Figure 2

nPKCε isoform is located in the nerve terminal at the adult neuromuscular junction. (A1) shows a reconstruction of a NMJ stained for AChRs with fluorescent α-Bungarotoxin in red and immunolabeled with an antibody against nPKCε isoform in green. (A2-A4), several semiconsecutive confocal optical sections from the same NMJ shown in A1. The (*) indicates nPKCε-positive nerve terminal buttons accommodated in the AChRs delimited synaptic gutters. (B1) shows a reconstruction of a NMJ triple labeled for AChRs (fluorescent α-BTX in red), the Schwann cell (immunolabeled with an anti S-100 antibody in blue) and nPKCε isoform in green. (B2-B4), several confocal sections from the same NMJ shown in B1. The (*) also indicates nPKCε-positive granular immunolabeling concentrated on the nerve endings position over the synaptic gutters.
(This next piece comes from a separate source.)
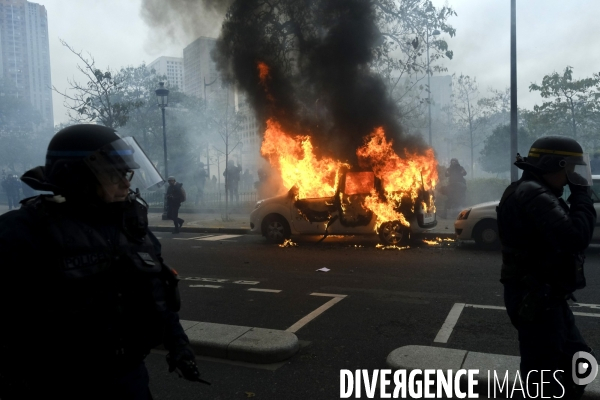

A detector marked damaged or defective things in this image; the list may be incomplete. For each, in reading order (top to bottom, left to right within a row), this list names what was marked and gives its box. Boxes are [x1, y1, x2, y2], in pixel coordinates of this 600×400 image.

charred car body [248, 169, 436, 244]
The glia and muscle cell are not labeled. (C), Immunohistochemistry in semithin sections from a whole-mount multiple-immunofluorescent stained muscle. In the colocalization picture (C1), the triple staining that labeled nPKCε in green (C2), AChRs in red (C3) and Schwann cells in blue, (C4) shows the nPKCε immunolabel only in the middle of the sandwich formed by glia and muscle cell. In the inset (C1), the control triple staining that labeled PKCε (in green), AChRs (in red) and the nerve terminal (NT, in blue, neurofilament-200/syntaxin) shows that the nPKCε and nerve terminal markers are well colocalized. The bars in (A), (B) and (C) indicate 10 μm. The bar in the inset indicates 2.5 μm. The NMJ are from LAL muscles. (D) Western blot analysis of nPKCε, pnPKCε, cPKCα and syntaxin in denervated EDL muscle.